2024-05-09 15:49:53

by Matthieu Baerts (NGI0)

[permalink] [raw]
Subject: [PATCH bpf-next v2 0/2] selftests/bpf: new MPTCP subflow subtest

In this series from Geliang, modifying MPTCP BPF selftests, we have:

- A new MPTCP subflow BPF program setting socket options per subflow: it
looks better to have this old test program in the BPF selftests to
track regressions and to serve as example.

Note: Nicolas is no longer working for Tessares, but he did this work
while working for them, and his email address is no longer available.

- A new MPTCP BPF subtest validating this new BPF program.

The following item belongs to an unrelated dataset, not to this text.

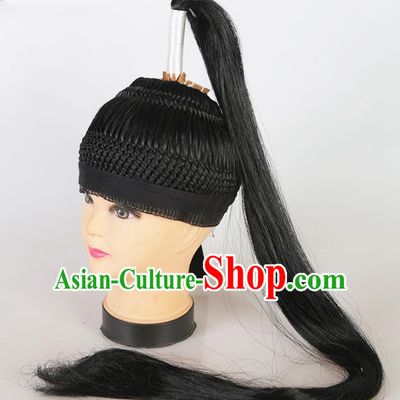 Asian Chinese Beijing Opera Niche Wig, Traditional China Peking Opera Swordsman Hairpiece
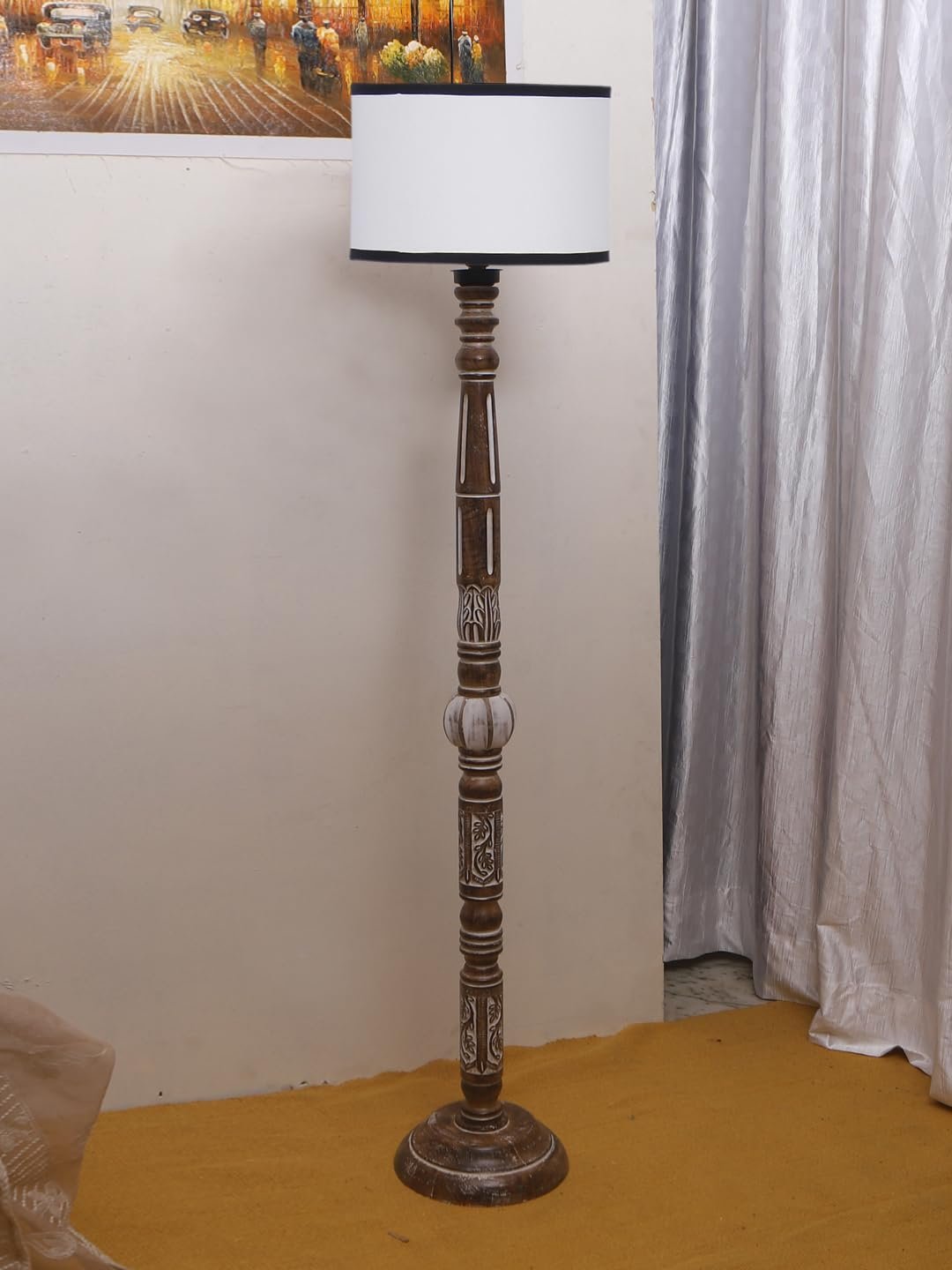 White & Black Cotton Drum Wooden Floor Lamp -7-(12x56.7inches)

Signed-off-by: Matthieu Baerts (NGI0) <[email protected]>
---
Changes in v2:
- Previous patches 1/4 and 2/4 have been dropped from this series:
- 1/4: "selftests/bpf: Handle SIGINT when creating netns":
- A new version, more generic and no longer specific to MPTCP BPF
selftest will be sent later, as part of a new series. (Alexei)
- 2/4: "selftests/bpf: Add RUN_MPTCP_TEST macro":
- Removed, not to hide helper functions in macros. (Alexei)
- The commit message of patch 1/2 has been clarified to avoid some
possible confusions spot by Alexei.
- Link to v1: https://lore.kernel.org/r/20240507-upstream-bpf-next-20240506-mptcp-subflow-test-v1-0-e2bcbdf49857@kernel.org

---
Geliang Tang (1):
selftests/bpf: Add mptcp subflow subtest

Nicolas Rybowski (1):
selftests/bpf: Add mptcp subflow example

tools/testing/selftests/bpf/prog_tests/mptcp.c | 109 ++++++++++++++++++++++
tools/testing/selftests/bpf/progs/mptcp_subflow.c | 70 ++++++++++++++
2 files changed, 179 insertions(+)
---
base-commit: 009367099eb61a4fc2af44d4eb06b6b4de7de6db
change-id: 20240506-upstream-bpf-next-20240506-mptcp-subflow-test-faef6654bfa3

Best regards,
--
Matthieu Baerts (NGI0) <[email protected]>



2024-05-09 15:50:14

by Matthieu Baerts (NGI0)

[permalink] [raw]
Subject: [PATCH bpf-next v2 1/2] selftests/bpf: Add mptcp subflow example

From: Nicolas Rybowski <[email protected]>

Move Nicolas' patch into bpf selftests directory. This example adds a
different mark (SO_MARK) on each subflow, and changes the TCP CC only on
the first subflow.

From the userspace, an application can do a setsockopt() on an MPTCP
socket, and typically the same value will be propagated to all subflows
(paths). If someone wants to have different values per subflow, the
recommended way is to use BPF. So it is good to add such example here,
and make sure there is no regressions.

This example shows how it is possible to:

Identify the parent msk of an MPTCP subflow.
Put different sockopt for each subflow of a same MPTCP connection.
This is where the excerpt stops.